Retype exactly the lines below, starting with the line that contains "28 In 1 Game" and ending with the last line; leave out any pictures.
··· Given records ···
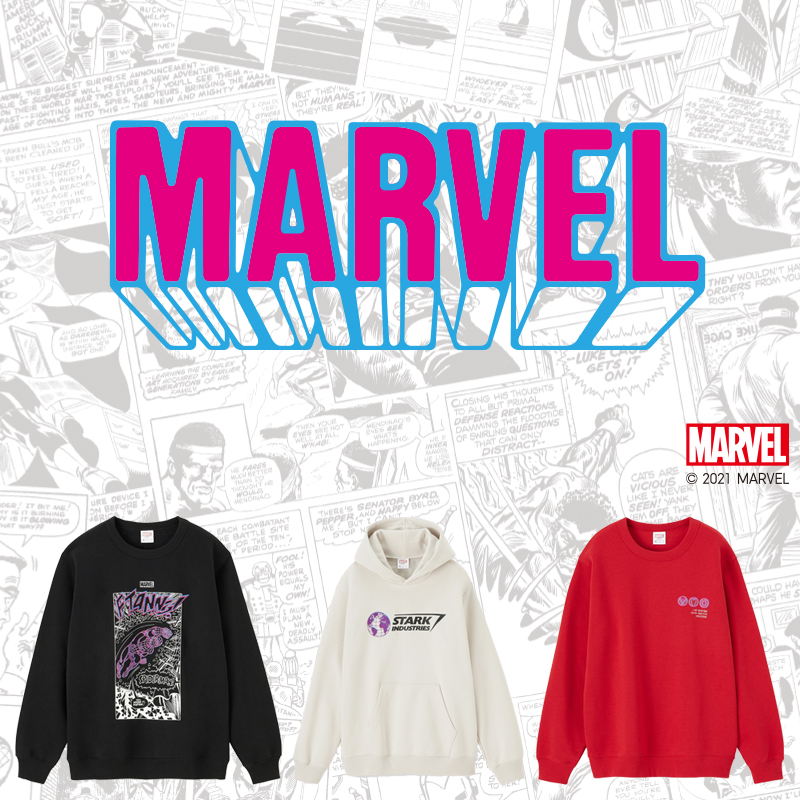 マーベル marvel アメコミ　スウェット ビンテージ/ヴィンテージ GU GU（ジーユー） on X: 
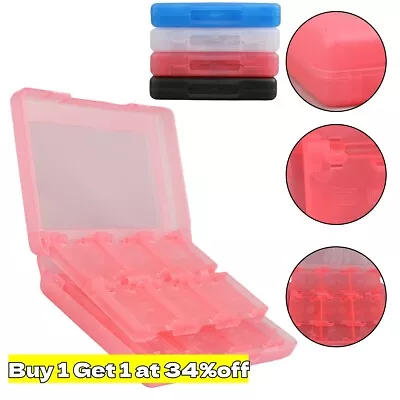 28 In 1 Game Card Holder CASE Storage Box For 3DS 2DS DS Nintendo Cartridges • £3.84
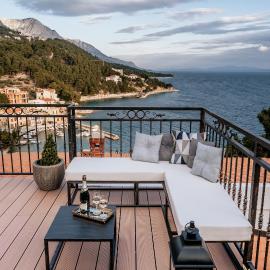 Villa AMore Brela, hotel a Brela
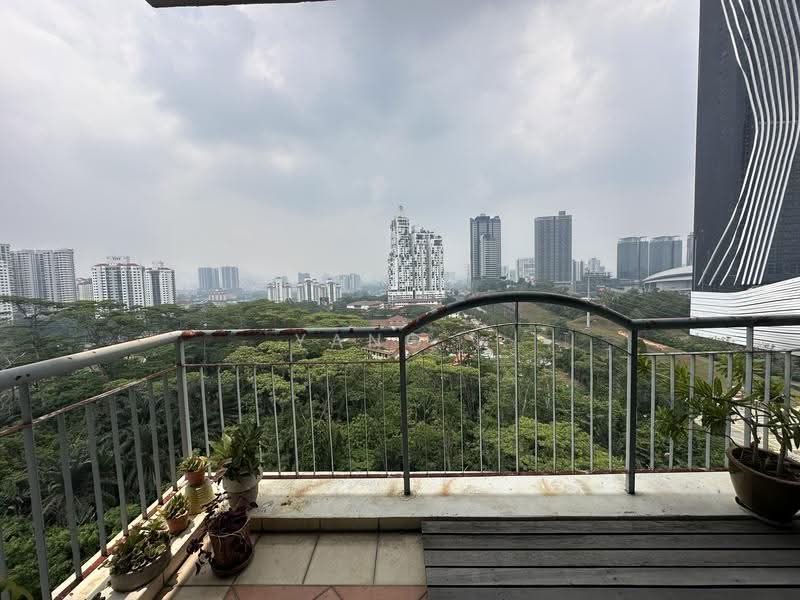 Condominium for Sale at Hartamas Regency 1 - Yang . - Balcony - PropertyGuru.com.my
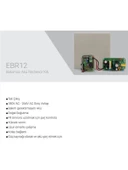 EDS EBR-12M 12V Bakımsız Akü Redresör Kiti - 6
···
= Response =
 28 In 1 Game Card Holder CASE Storage Box For 3DS 2DS DS Nintendo Cartridges • £3.84
 Villa AMore Brela, hotel a Brela
 Condominium for Sale at Hartamas Regency 1 - Yang . - Balcony - PropertyGuru.com.my
 EDS EBR-12M 12V Bakımsız Akü Redresör Kiti - 6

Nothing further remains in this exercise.